-- Opening Marker --

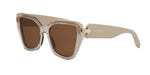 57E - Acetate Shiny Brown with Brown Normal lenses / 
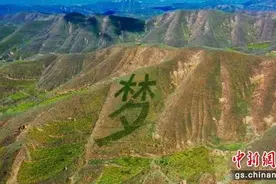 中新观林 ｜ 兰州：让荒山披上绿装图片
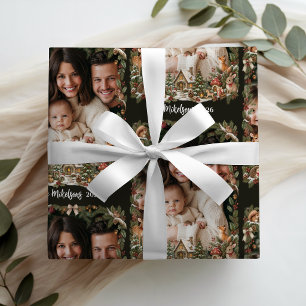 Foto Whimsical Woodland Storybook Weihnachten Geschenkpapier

-- Closing Marker --
-- Opening Marker --

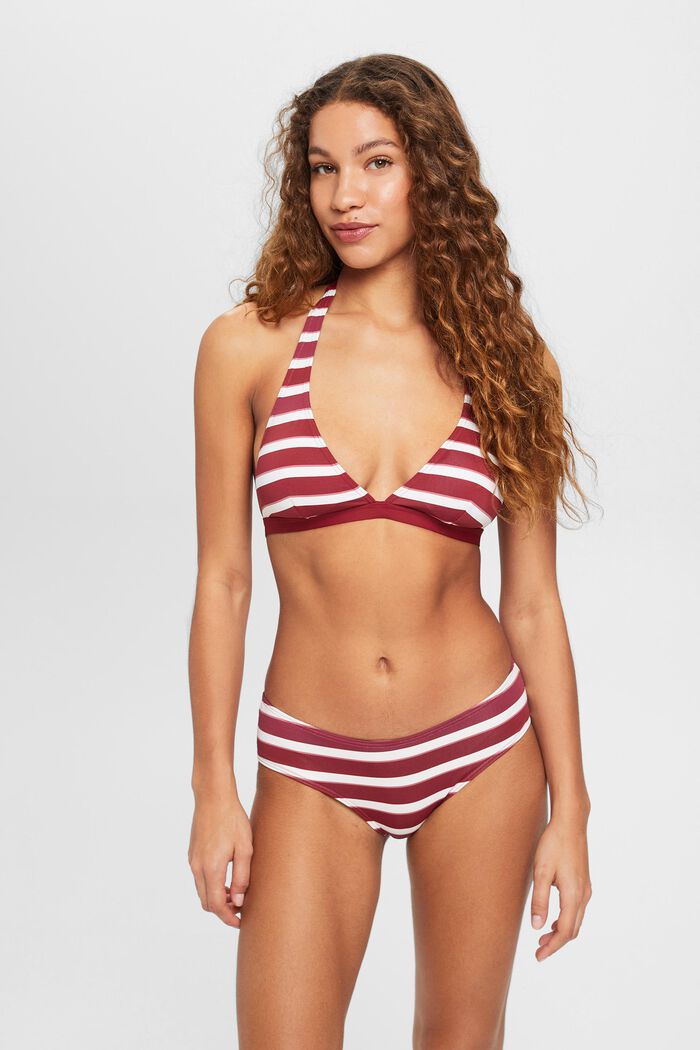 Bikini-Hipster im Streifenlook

-- Closing Marker --

What the task requires ->
Please repeat the lines of the material above exactly, starting with the line that contains "57E - Acetate" and ending with the line that contains "Foto Whimsical Woodland". Leave the pictures out.

Task response ->
 57E - Acetate Shiny Brown with Brown Normal lenses / 
 中新观林 ｜ 兰州：让荒山披上绿装图片
 Foto Whimsical Woodland Storybook Weihnachten Geschenkpapier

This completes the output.